Many recruiters we meet believe that their value to their organization is predominately in identifying and bringing good candidates to the table. Yes, this is certainly your role (it says so in your job description), but it is only a part of your value.
Your value — what you can get done — depends on increasing your influence and strengthening your reputation. And part of that is presentation: not so much what you say but how you say it.
Presentation skills, or a person’s “presentation” is a package; a combination of tangible and intangible behaviors and skills, including:
- How you perform “on your feet”
- Appearance
- Poise
- Knowledge
- Preparation
- Value
How are you known in your organization? Are you known as someone who:
- Gets things done?
- Challenges the hiring manager to think about what is needed, what skills are required, what skills are nice to have, and what skills could be important that the hiring manager hasn’t considered?
- Presents candidates that match the considerations presented above?
- Is confident and behaves as if the hiring manager was a peer?
- Is as impressive “off-stage” as “on-stage”?
- Demonstrates emotional intelligence?
How you are known molds your influence and reputation. And how you establish and reinforce how you are known is through your presentation.
Some recruiters we’ve talked to don’t believe this is possible. They believe their job is only to find and recruit good candidates. Well, there is one thing about beliefs: what you believe is what you are. This is more than pop psychology because we have seen and worked with some very influential and highly successful recruiters.

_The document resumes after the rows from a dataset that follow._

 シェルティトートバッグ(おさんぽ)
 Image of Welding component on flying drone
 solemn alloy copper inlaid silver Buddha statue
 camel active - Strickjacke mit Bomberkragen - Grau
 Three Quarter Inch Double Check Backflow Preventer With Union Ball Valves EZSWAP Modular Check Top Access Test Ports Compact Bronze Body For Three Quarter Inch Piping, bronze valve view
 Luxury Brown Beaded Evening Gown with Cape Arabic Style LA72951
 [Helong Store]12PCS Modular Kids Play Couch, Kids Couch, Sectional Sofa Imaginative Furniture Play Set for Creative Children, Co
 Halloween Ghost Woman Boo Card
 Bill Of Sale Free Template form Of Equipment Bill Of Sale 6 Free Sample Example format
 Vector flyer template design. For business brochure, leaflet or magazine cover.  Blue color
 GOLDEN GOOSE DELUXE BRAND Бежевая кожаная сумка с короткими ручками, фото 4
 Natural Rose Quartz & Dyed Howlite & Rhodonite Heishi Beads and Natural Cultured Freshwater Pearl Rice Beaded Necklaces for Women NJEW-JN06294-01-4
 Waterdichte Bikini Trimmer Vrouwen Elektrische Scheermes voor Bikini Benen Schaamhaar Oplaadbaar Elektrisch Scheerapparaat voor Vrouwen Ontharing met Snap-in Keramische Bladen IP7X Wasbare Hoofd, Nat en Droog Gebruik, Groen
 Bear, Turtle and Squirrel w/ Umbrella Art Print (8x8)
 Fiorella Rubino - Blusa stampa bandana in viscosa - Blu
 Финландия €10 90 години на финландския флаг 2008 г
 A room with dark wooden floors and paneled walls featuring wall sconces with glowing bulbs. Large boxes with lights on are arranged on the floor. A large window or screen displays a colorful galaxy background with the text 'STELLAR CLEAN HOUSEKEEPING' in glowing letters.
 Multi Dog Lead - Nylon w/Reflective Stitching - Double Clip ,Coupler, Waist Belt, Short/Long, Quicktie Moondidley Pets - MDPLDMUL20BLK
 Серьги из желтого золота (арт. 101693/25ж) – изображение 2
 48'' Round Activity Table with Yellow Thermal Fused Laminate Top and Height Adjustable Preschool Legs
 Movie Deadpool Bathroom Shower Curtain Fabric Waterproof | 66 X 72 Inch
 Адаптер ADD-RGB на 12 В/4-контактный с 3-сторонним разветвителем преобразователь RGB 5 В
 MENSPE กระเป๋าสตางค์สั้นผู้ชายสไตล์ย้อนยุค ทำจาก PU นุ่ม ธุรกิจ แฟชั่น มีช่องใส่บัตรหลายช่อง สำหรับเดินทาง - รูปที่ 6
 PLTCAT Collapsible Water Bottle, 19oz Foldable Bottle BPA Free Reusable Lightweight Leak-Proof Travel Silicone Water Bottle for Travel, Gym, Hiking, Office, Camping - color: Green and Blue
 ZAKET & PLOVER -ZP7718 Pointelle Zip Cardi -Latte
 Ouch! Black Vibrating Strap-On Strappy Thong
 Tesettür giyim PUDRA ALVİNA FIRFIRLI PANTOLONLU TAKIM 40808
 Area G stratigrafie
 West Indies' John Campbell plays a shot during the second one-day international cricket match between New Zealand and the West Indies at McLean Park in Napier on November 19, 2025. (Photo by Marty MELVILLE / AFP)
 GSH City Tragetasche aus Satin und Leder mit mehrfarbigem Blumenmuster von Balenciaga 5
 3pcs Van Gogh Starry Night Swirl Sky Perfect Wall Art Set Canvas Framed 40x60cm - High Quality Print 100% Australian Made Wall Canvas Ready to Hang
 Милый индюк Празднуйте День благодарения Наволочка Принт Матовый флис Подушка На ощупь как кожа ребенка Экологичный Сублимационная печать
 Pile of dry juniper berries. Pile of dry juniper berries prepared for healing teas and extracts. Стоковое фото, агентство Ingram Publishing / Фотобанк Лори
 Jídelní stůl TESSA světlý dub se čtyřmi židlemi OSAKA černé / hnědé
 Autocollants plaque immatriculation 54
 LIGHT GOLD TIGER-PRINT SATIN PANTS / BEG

To further explore and develop your presentation, it is beneficial to understand that it includes four skill domains:
- Business Skills
- Leadership Skills
- Interpersonal Skills
- Intrapersonal Skills
Business Skills include: general knowledge of recruiting, talent management, the industry, and the developing trends. It also includes a knowledge of how business works, both yours and others in the industry. The value is to be able to talk with the hiring manager about business trends, how recruiting fits in, how other firms are handling their recruiting challenges, and how to explain the imbalance in talent availability across different industries.
Leadership Skills include your ability to influence the hiring manager and the organization and the ability to think and present a big-picture, high-impact or more strategic approach to recruiting. Such as, why talent management is important and why such issues as the connection between onboarding and employee satisfaction with their supervisor impact retention. Also, leadership skills include how to deal with a hiring manager who has a poor retention record. Recruiters do not have positional authority, so their leadership skills are developed through and applied in their ability to influence.
Interpersonal Skills include: how you communicate with peers, candidates, vendors, hiring managers, and your boss. It also includes your relationship and social skills. Interpersonal skills are the window through which others see you.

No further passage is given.